De rechtbank heeft op 7 februari 2024 de zaak behandeld. Eiseres was aanwezig, maar het college was afwezig. De rechtbank heeft beoordeeld of het college de aanvraag van eiseres terecht heeft afgewezen. De rechtbank concludeert dat de situatie van eiseres niet onder de overgangsregeling valt, omdat zij haar aanvraag na de deadline van 1 juli 2022 heeft ingediend. De rechtbank oordeelt dat de uitleg van eiseres over de overgangsregeling niet juist is en dat er geen sprake is van bijzondere omstandigheden die een afwijking van het beleid rechtvaardigen.

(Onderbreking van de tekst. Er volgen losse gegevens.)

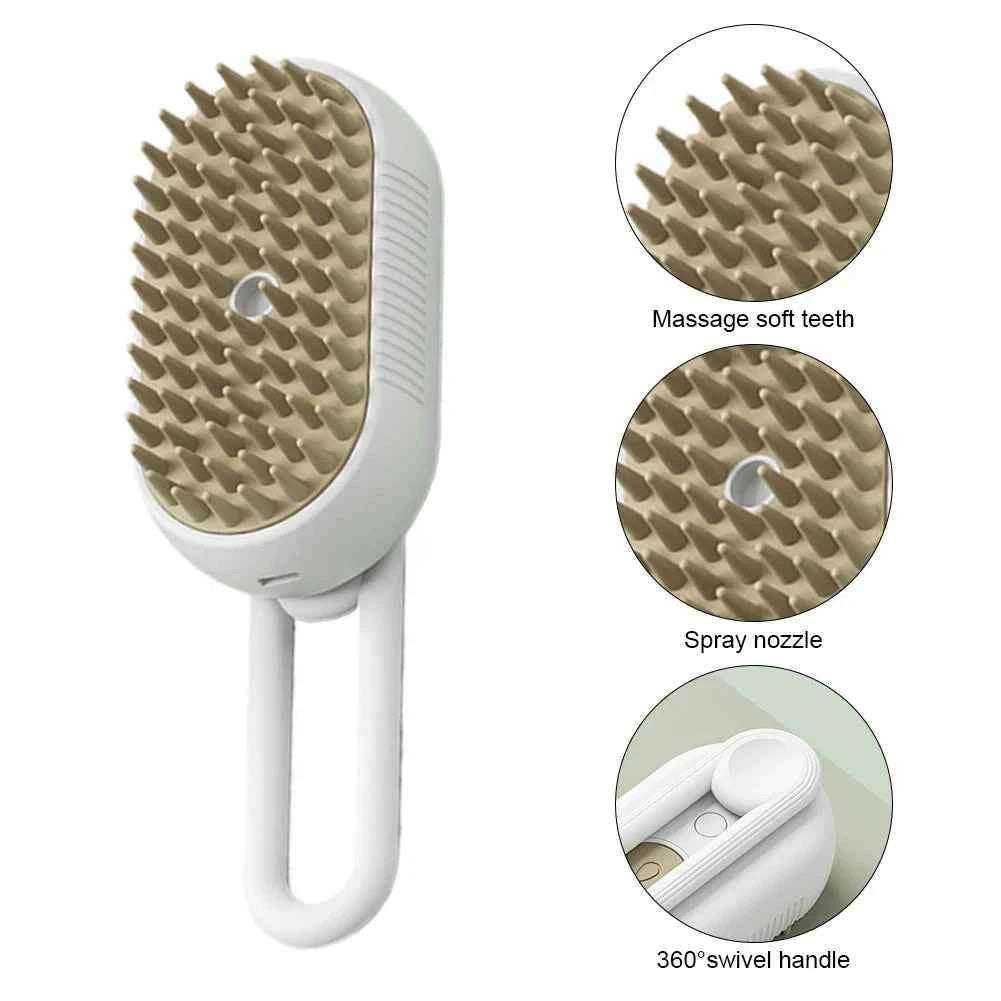 3-in-1 Pet Steam Brush | Electric Grooming & Massage Comb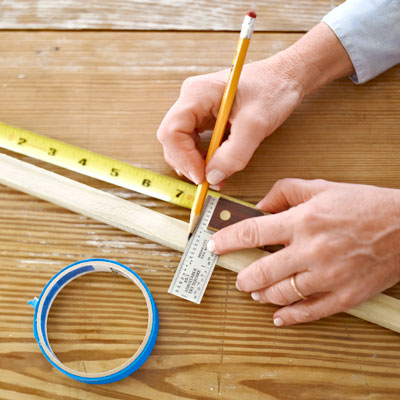 marking 8-inch intervals on a story stick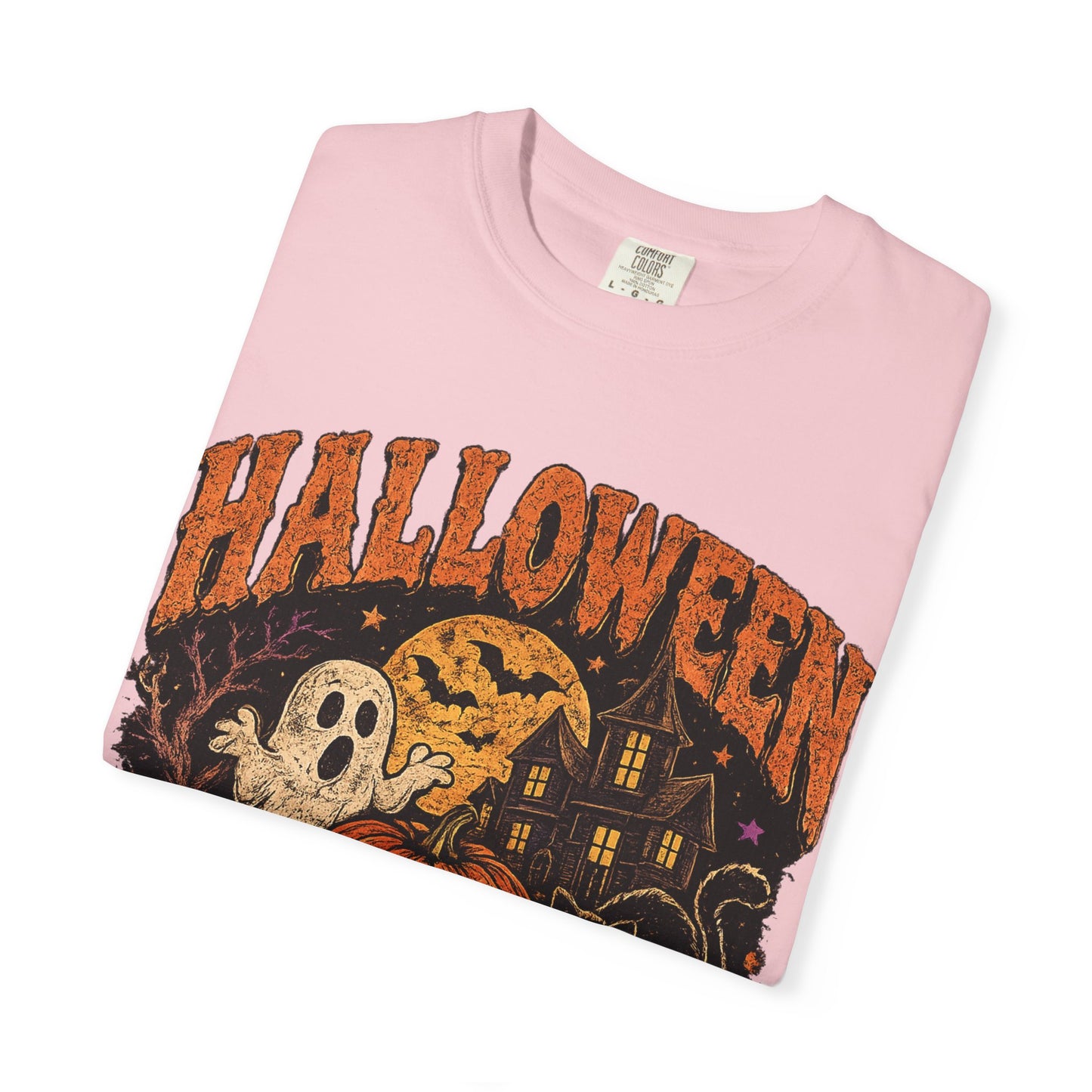 Halloween Is Cool T-Shirt — Vintage Pumpkin, Ghost & Black Cat Halloween Tee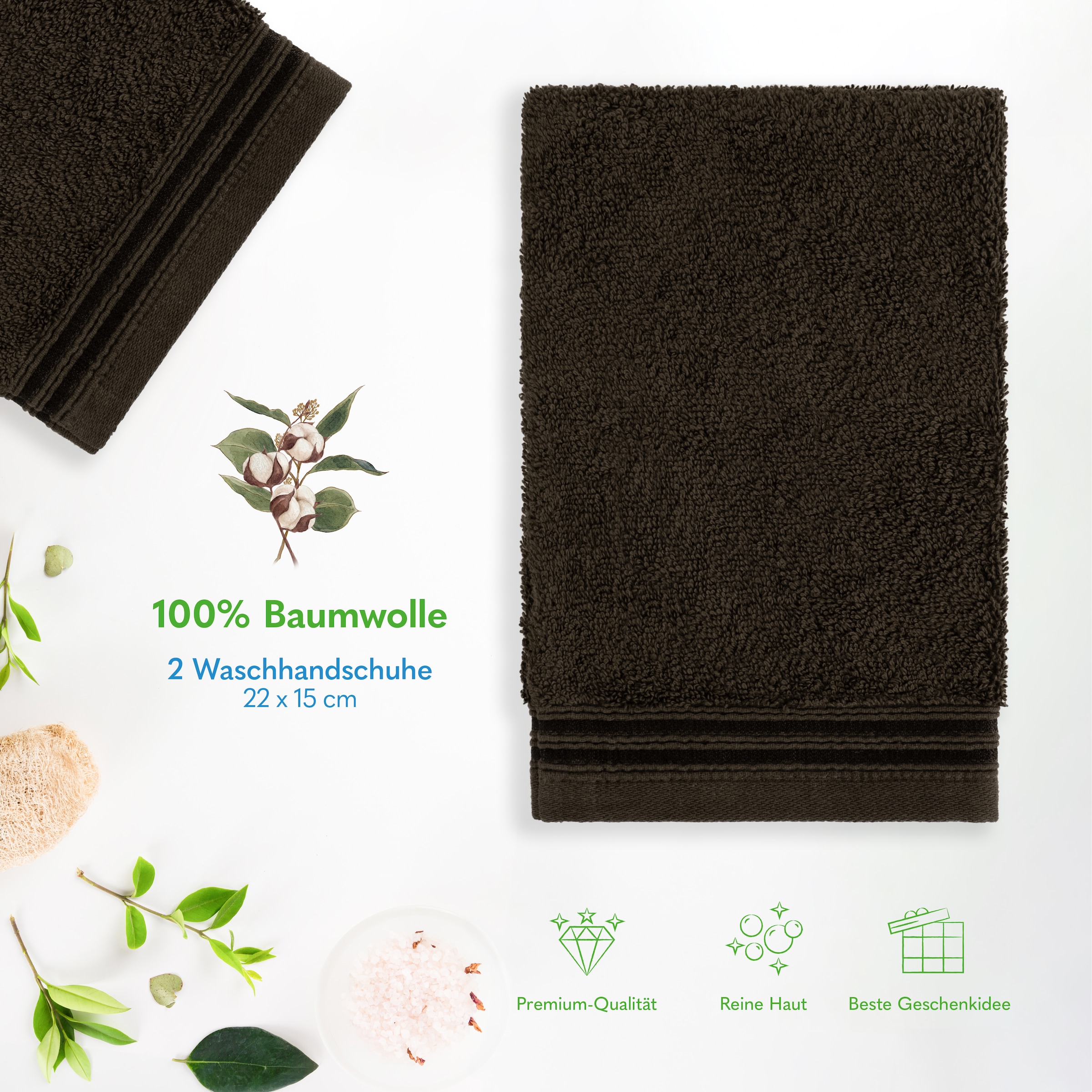 HAMMETEX »2er-Set Waschlappen 15x22 cm, 100% Baumwolle, weich und saugfähig«
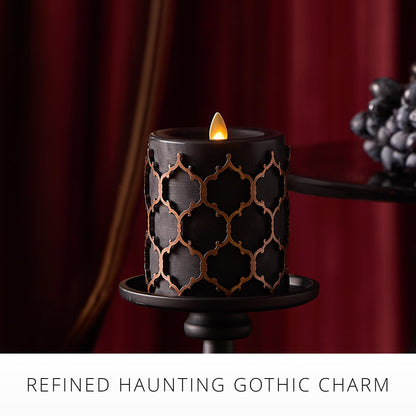 Luminara Black Embossed Fretwork 3.5" x 4.5" Pillar, AA Battery Operated w/Timer Function, Flickering Flameless LED Light Real Wax Candle for Indoor Home Decoration, for Dining Room Table Centerpiece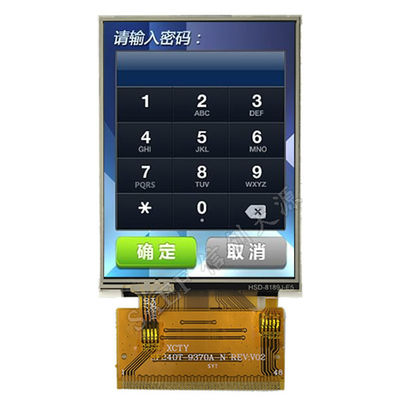 2.4 inch TFT LCD module met flexibele interface. 240x320 IPS/Parallel/RGB. ILI9341 Driver. Industrial Display.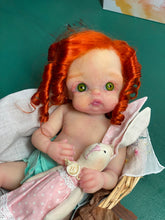 Load image into Gallery viewer, CUSTOM full body silicone 10” doll Willow (with long curly hair) in soft blend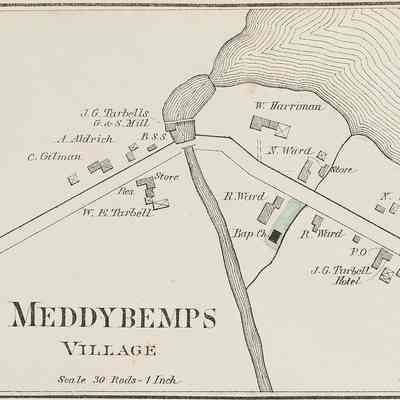 Meddybemps Village: From the Colby Atlas of Washington County, Maine, 1881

De rechtbank heeft vastgesteld dat het college bevoegd was om het adres van eiseres op de Adressenlijst C te plaatsen, wat betekent dat zij geen recht heeft op een parkeervergunning. De rechtbank heeft het beroep van eiseres ongegrond verklaard en het bestreden besluit van het college bevestigd. Eiseres heeft geen recht op een proceskostenvergoeding, omdat er geen aanleiding voor bestaat. De uitspraak is gedaan door mr. B. Fijnheer en is openbaar uitgesproken op 5 april 2024.